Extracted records
= = = = =

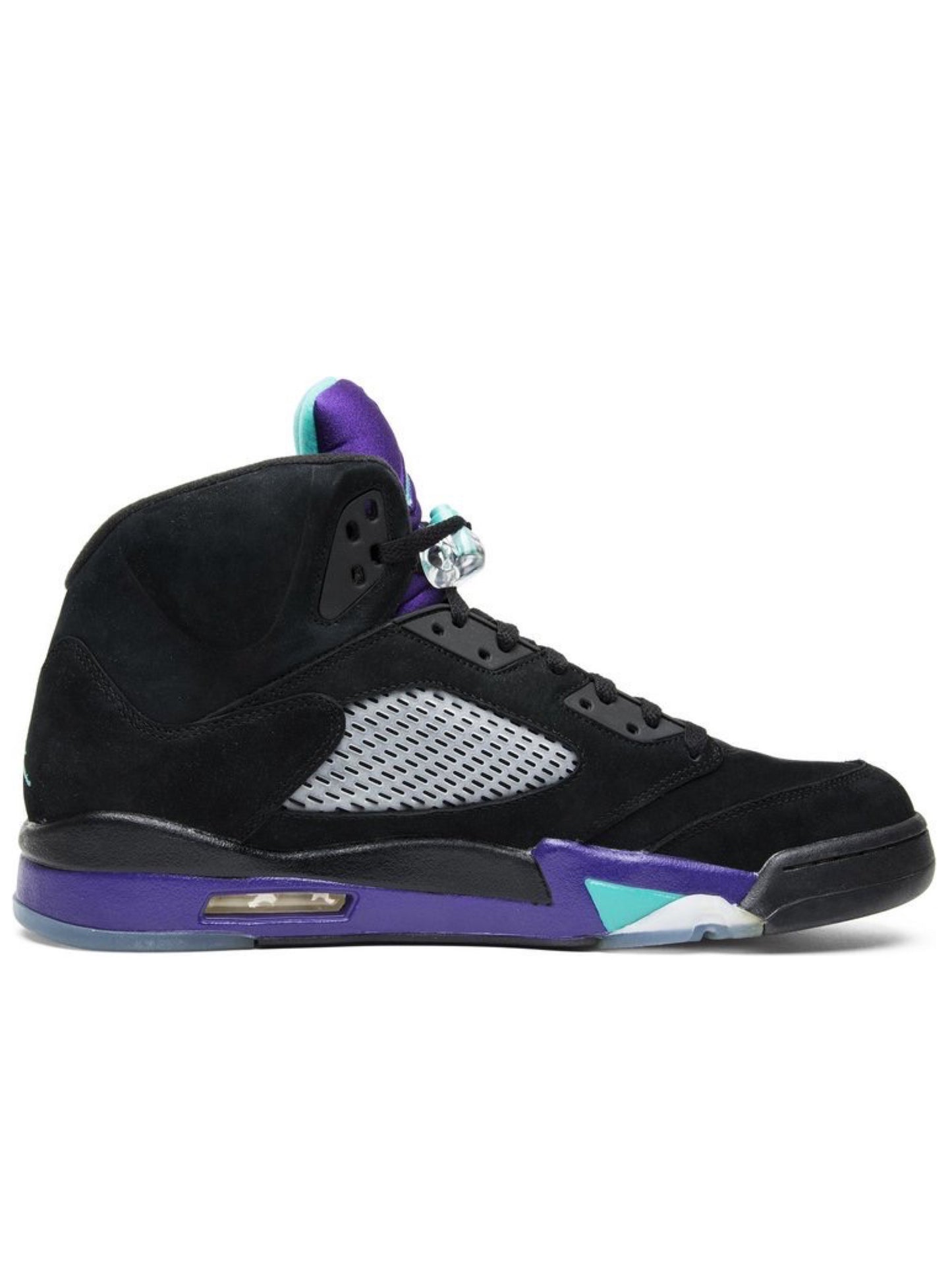 Jordan 5 Retro Black Grape (2013) 136027-007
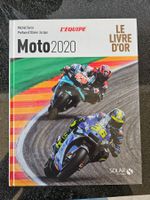 Moto 2020, Livre d'or, parfait pour collectionneurs🏍️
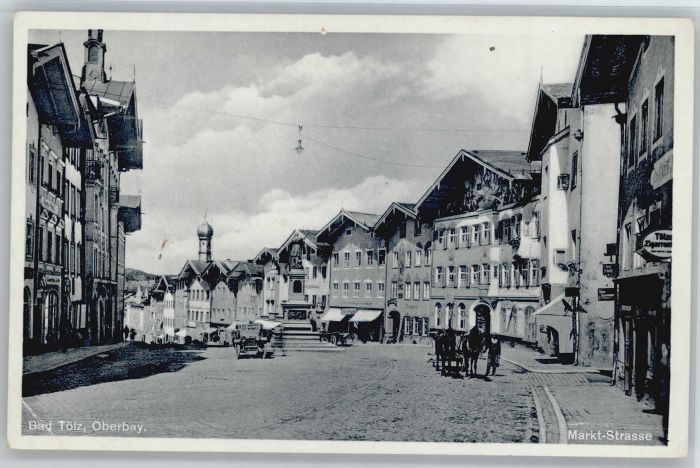 Bad Toelz arktstrasse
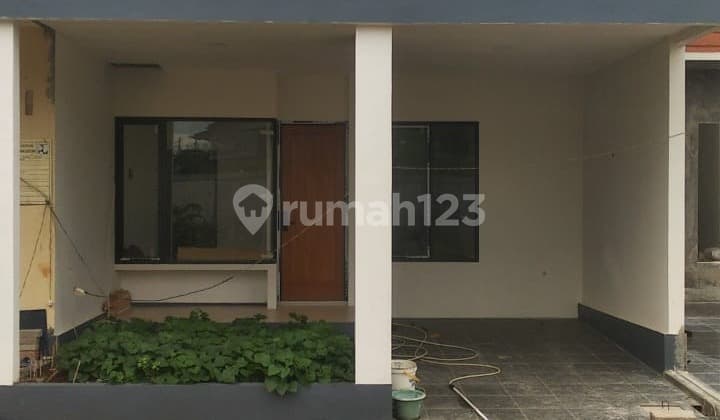 BU, Rumah Cluster Veranta Baru Bagus, Siap Huni, Strategi di Poris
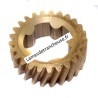 ENGRENAGE EN BRONZE DENTS 25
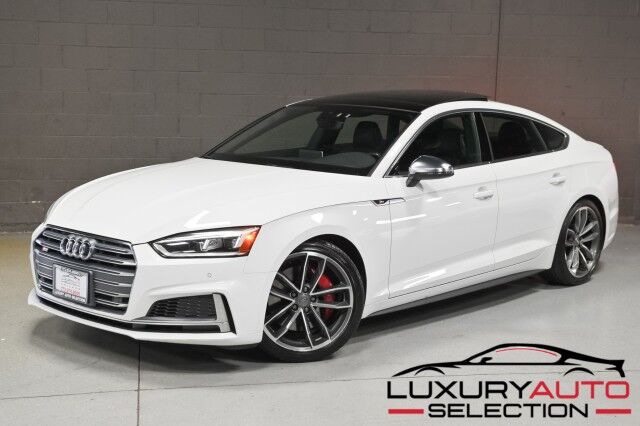 2019 Audi S5 Quattro Premium Plus Sportbac 4dr Hatchback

= = = = =

* Work required: Transcribe every entry above exactly as it stands, but skip the images.

* Solution to the problem:
 Jordan 5 Retro Black Grape (2013) 136027-007
 Moto 2020, Livre d'or, parfait pour collectionneurs🏍️
 Bad Toelz arktstrasse
 BU, Rumah Cluster Veranta Baru Bagus, Siap Huni, Strategi di Poris
 ENGRENAGE EN BRONZE DENTS 25
 2019 Audi S5 Quattro Premium Plus Sportbac 4dr Hatchback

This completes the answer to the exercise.